Everything in the data must be repeated exactly, apart from the pictures, which are left out.

Input data:
________________________

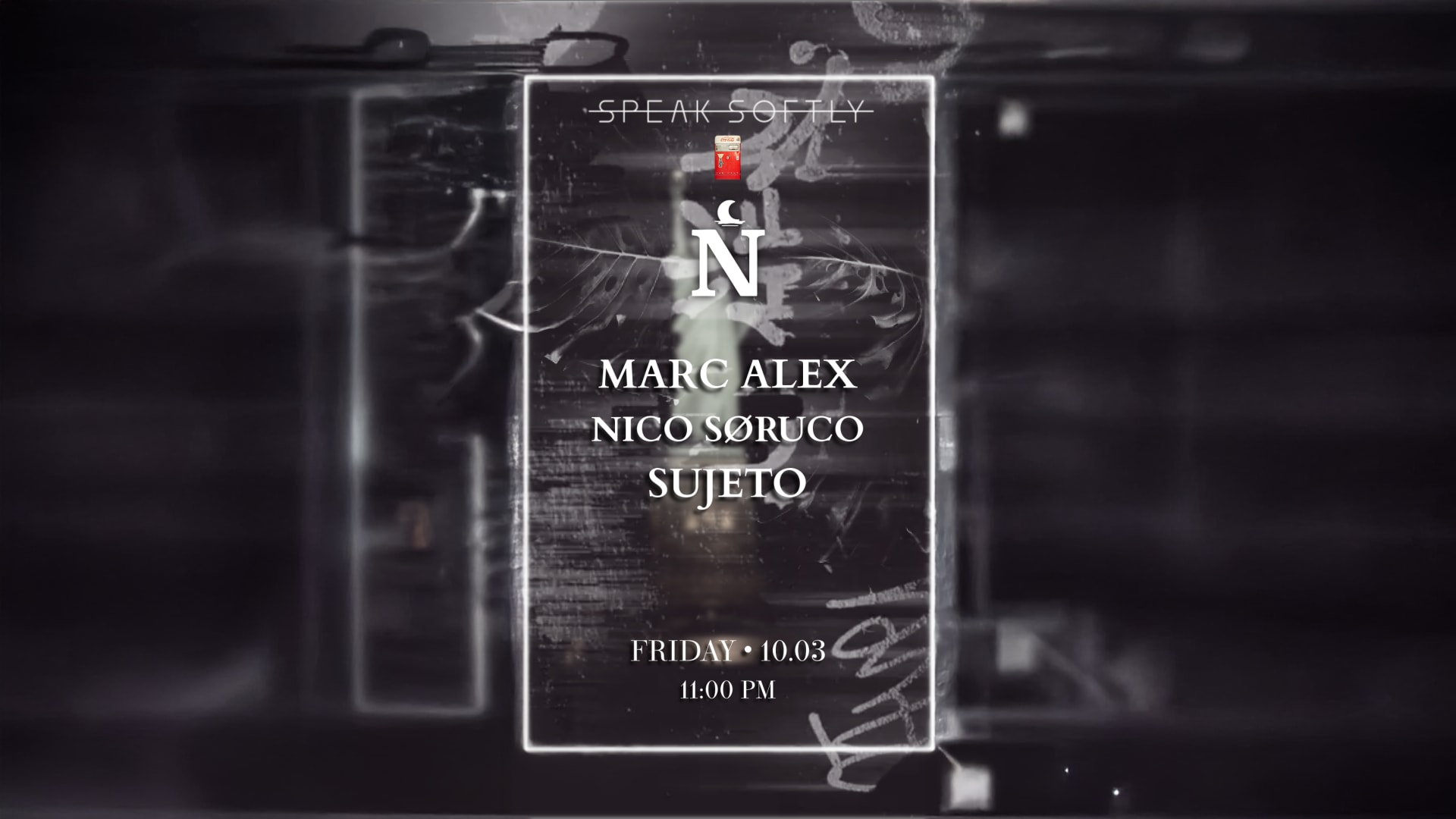 Speak-Softly X Nightfall | Marc Alex | Nico Søruco | Sujeto Cover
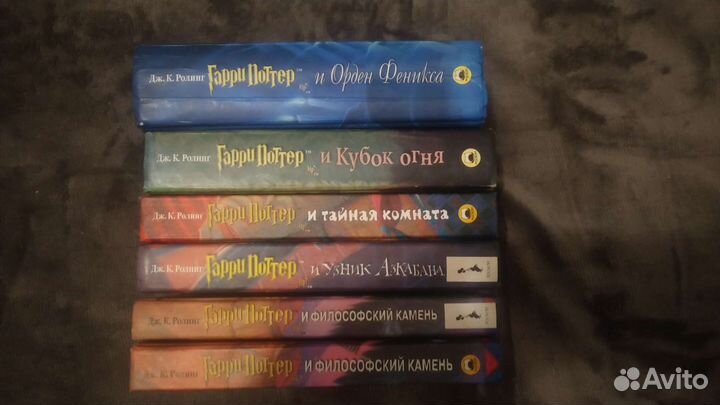 Книги разных жанров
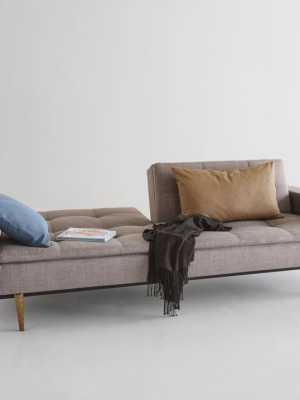 Denmark Arm Sofa Gray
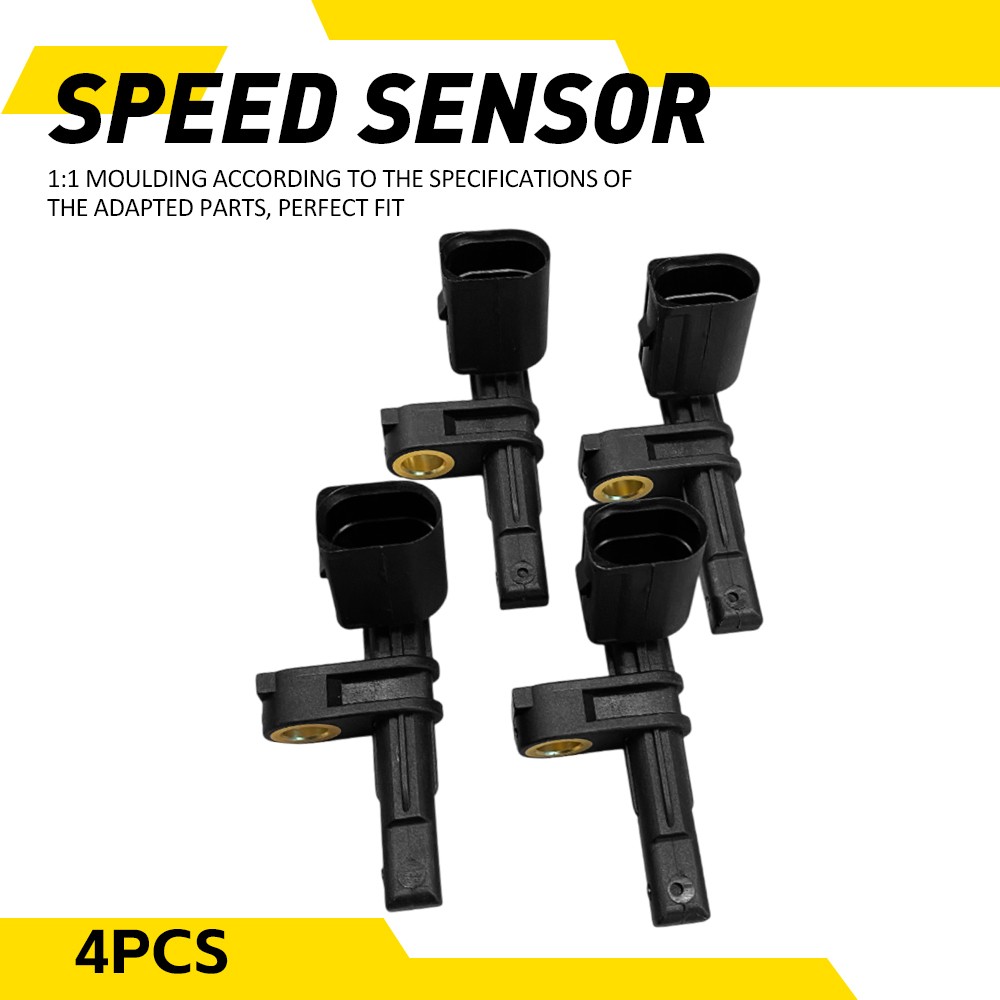 4x ABS Wheel Speed Sensor For Porsche Cayenne VW Touareg Audi Q7 4LB 95860640502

________________________

Task response:
 Speak-Softly X Nightfall | Marc Alex | Nico Søruco | Sujeto Cover
 Книги разных жанров
 Denmark Arm Sofa Gray
 4x ABS Wheel Speed Sensor For Porsche Cayenne VW Touareg Audi Q7 4LB 95860640502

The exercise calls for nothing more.